Tüm hayatını başkent Washington’daki eski bir malikanede geçirmiştir.
Hiç dışarıya çıkmamış, otomobile bile binmemiştir.
Dış dünya hakkında bildiği her şeyi televizyondan öğrenmiştir
Bahçeyle uğraşmadığı zamanlarda en iyi yaptığı iş televizyon seyretmektir.
Malikane sahibi ölünce kahramanımız Chance, televizyondan öğrendikleri dışında dünya hakkında hiçbir bilgisi olmadan sokağa atılır.
Sonra bir rastlantıyla karışık kaza sonucu Washington siyasetine yön veren ABD’nin en etkili işadamının evine konuk olur.
Güzel takım elbise giydiği, kusursuz tavırları olduğu, net ve kısa konuştuğu için bu evrenin insanları tarafından hızla kabul edilir.
Kahramanımızın doğal sessiz konuşma yapısı da bu insanları etkiler.
Bilgelik mertebesine çıkarılmıştır.
ABD Başkanı’nın bir ziyareti sırasında, onun basit bahçıvanlık anlatımlarının ülkenin mevcut ekonomik durumuna yaptığı göndermeler/benzetmeler olarak yorumlanması işleri iyice karıştırır.
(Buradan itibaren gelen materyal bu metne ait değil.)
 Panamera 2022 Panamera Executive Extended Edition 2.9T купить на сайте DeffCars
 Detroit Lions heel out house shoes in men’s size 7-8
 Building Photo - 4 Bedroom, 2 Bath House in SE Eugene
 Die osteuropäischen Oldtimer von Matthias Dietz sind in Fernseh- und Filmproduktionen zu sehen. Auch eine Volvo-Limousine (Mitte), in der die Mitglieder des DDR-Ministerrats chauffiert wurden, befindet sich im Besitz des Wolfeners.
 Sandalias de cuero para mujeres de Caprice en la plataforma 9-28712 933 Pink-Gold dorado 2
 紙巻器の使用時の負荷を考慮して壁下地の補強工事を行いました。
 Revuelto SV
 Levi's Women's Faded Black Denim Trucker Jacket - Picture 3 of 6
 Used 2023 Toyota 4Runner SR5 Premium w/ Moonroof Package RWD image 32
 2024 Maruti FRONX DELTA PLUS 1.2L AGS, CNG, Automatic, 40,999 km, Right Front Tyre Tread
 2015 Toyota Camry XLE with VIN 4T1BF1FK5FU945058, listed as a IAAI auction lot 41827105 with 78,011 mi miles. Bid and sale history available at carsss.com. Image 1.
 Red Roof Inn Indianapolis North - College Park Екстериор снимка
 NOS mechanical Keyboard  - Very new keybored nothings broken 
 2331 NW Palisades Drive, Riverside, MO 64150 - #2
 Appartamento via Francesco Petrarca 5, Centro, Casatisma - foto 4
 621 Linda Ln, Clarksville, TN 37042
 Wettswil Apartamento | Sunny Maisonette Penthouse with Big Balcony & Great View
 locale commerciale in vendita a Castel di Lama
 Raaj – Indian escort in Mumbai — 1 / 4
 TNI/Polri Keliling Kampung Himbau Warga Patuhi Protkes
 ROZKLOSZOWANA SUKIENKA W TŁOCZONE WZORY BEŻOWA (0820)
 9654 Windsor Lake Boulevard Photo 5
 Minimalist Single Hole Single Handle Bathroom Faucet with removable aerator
“Bahçede büyümenin bir mevsimi vardır. Önce ilkbahar ve yaz gelir; ama sonra sonbahar ve kış gelir. Sonra yine ilkbahar ve yaz olur” ifadelerini bizzat ABD Başkanı, onun ismini de anarak ulusa sesleniş konuşmasında kullanır.
Kahramanımız bir anda ülkenin ekonomik dehasına dönüşmüştür.
Bahçıvan Chance, artık prestijli Chauncey Gardner’dir ve Washington siyasetinde etkin bir isim olmuştur.
Katıldığı televizyon programında bir soruya verdiği “Bir bahçenin bakıma sevgiye ihtiyacı vardır. Bahçenize sevginizi verirseniz her şey büyür; ama ilk önce bazı şeylerin solması gerekir” yanıtı halkta karşılık bulunca ABD siyasetinde dalgalanmalar başlar.
ABD başkanı, FBI, CIA, Amerika’nın önde gelen yazılı ve görsel basını, herkes ama herkes Chauncey Gardner’in peşine düşer.
Kimdir bu adam? Gökten zembille mi inmiştir? Neden FBI ve CIA, bu adamın geçmişi hakkında bilgi kırıntısı bile bulamamaktadır? Yoksa ajan mıdır?
Tüm bunlar yaşanırken kahramanımızın her şeyden habersiz olması ise filme bambaşka bir güzellik, apayrı bir boyut verir.
Bu anlattıklarım her ne kadar zorlama gibi görülse de filmin temposu bunu o kadar güzel bir şekilde izleyiciye geçirir ki gözlerinize inanamazsınız.
O yüzden film başyapıt seviyesine ulaşmıştır.
Hatta bu özelliği ile Forrest Gump’tan çok önce Chauncey Gardner vardı diyebiliriz.
Tom Hanks’in efsane filmi olan 1994 yapımlı Forrest Gump’a bu filmin ilham verdiğini rahatlıkla söyleyebiliriz.
Efsane komedyen Peter Sellers, filmin uyarlandığı ‘Orada Olmak’ kitabını ilk okuduğunda tarihler 1972 yılını gösteriyordu.
Bu kitabı sinemaya aktarabilmek için yıllarca bekledi, hatta sırf bu filmi çekebilmek için Pembe Panter serilerine girmek zorunda kaldı.
Sonunda bu filmi çektiğinde sinema tarihinin gelmiş geçmiş en iyi performansı ile neredeyse Oscar heykelciğini alıyordu.
Ancak o sene Oscar’ı, Kramer Kramer’a Karşı filmi ile Dustin Hoffman kazanacaktı.
Filmin finalinde yer alan ‘Hayat aklın geçirdiği bir evredir’ sözü, filmin gösterime girmesinden kısa bir süre sonra hayatını kaybettiğinde Peter Sellers’in mezar taşına da yazılacaktı.
Petter Sellers’ın izlendikçe kendine hayran bıraktıran sinema filmi Orada Olmak/Being There, gerçeküstü durumları gerçekçi gibi gösteren ve politikacıların alaycı dünyalarını taşlayan başlı başına dev bir yapıt. İzlemediyseniz, kaçırmayın derim.